Fox News and other Conservative outlets tell us that atheists are intolerant bullies. But is this true? As the holiday season approaches us, more and more news items and op-eds are being written about how the spirit of Christmas is being quashed by these thoughtless, soulless unbelievers.
I believe this is not true, and while ensuring that those with faith have the freedom to practice their religion (no matter what it is), those who don’t believe should not be attacked either. Freedom of belief should also mean freedom not to believe. Some folks seem to be forgetting this basic truth.
Here are five reasons why the war on Christmas theory is not only false, but blatantly misleading.
1. Christmas day is a federal holiday.
If the government and those who have influence (including the media) were anti-Christmas, would this be possible? As far as I know, no one has objected to this day being a holiday, as such.
2. Conservatives, not atheists used boycotts and threats.
Since the early 2000s, the Conservatives have used several bullying tactics against retailers, such as the American Family Association's boycott of stores that use the language of "happy holidays" instead of "merry Christmas."
3. This rhetoric ignores the internal debates within Christianity.

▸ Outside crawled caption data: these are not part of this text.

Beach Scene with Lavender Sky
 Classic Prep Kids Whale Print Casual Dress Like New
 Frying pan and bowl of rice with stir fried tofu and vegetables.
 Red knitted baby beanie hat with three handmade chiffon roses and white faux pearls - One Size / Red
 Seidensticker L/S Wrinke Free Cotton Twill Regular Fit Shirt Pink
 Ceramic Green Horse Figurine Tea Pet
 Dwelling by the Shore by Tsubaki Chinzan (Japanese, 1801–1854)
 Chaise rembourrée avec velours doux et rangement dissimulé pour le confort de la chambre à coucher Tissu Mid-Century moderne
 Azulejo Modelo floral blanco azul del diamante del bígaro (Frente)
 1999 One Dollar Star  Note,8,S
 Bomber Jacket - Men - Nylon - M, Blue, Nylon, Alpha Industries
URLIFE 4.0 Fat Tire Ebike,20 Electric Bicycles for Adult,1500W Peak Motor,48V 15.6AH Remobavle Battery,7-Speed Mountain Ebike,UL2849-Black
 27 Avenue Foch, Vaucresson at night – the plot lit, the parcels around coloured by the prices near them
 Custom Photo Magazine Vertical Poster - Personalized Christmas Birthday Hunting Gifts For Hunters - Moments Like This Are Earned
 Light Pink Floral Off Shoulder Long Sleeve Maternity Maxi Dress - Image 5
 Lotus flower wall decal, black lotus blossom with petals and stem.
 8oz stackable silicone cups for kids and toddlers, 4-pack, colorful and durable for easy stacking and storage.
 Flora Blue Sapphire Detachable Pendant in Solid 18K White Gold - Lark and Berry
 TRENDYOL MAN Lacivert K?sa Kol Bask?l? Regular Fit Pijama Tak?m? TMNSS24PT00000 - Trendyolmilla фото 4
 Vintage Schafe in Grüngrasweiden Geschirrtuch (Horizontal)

Christians have internal difference of opinions about Christmas and its celebration. As Stephen Nissenbaum points out, certain groups such as the Puritans boycotted Christmas for its focus on hedonism and consumerism.
As Mr. Cohen says, “America has a complicated history with Christmas, going back to the Puritans, who despised it. What the boycotters are doing is not defending America's Christmas traditions, but creating a new version of the holiday that fits a political agenda”.
4. ACLU or other Liberal groups are said to be at the fore-front of the war on Christmas.
I am inclined to disagree with this. ACLU’s position is quite clear, in that government should not be promoting any religious ideas.
5. Christmas is all pervasive.
In fact it is perhaps celebrated around the world, not just in the U.S. While one can argue and debate whether the commercialization of the festival is in good taste or not, the argument that there is somehow a Liberal or atheist effort to ban it is just laughable.
While I personally believe that words themselves should not become so contentious, that they don’t take away from the celebration of the season, this controversy reminds us, yet again that there is much power in what we call a thing. Shakespeare was right, after all when he wrote, “What is in a name ?"
In the meanwhile, I wish you all a Merry Christmas!